# Second Skin Damplifier Pro Review



## exige (Dec 4, 2007)

This is a long overdue review from the Second Skin Damp Pro promotion on CA.com a few months back. What I’m about to say has been said hundreds of times before. Damp Pro is the best.

ANT was kind enough to send me a pack of Damp Pro. I didn’t get around to installing it until just this past weekend. I’ve used many deadeners before from RAAM to Dynamat, B-Quiet, and more. Damp Pro has outclassed each of these products. It’s one of the few products to arrive in nice rectangular sheets rather than a big roll. There wasn’t a gooey mess like I’ve had with other mats. Damp Pro is THICK. 

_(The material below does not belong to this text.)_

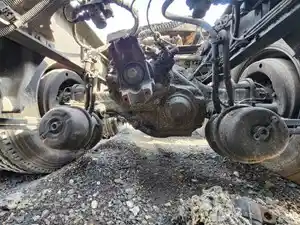 Used 2020 Detroit RT40-NFD Complete Axle-Front Rear (Stock #P-501244)) Part Image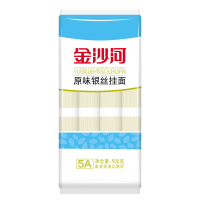 金沙河(YH)900g扁袋原味银丝挂面(扎把)*3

My doors already have a good amount of deadener on them so I decided to apply the Damp Pro to my hatch, which was previously nothing but a little metal. Knocking on the hatch before applying Damp Pro, there was a high pitched hollow sound. I had enough mat to do 2 layers. Using the knock test again, I got a solid THUD….nothing like before. No resonance throughout the panel this time. The mat is heavy enough that the struts on my rear hatch actually struggle to lift up the trunk. That’s how thick this stuff is!

In summary, Second Skin Damplifier Pro is the best mat I’ve ever used. I would highly recommend it. It might be a little bit more expensive than other products on the market, but after you’ve used it and seen it in action, it’d be well worth the cost.


----------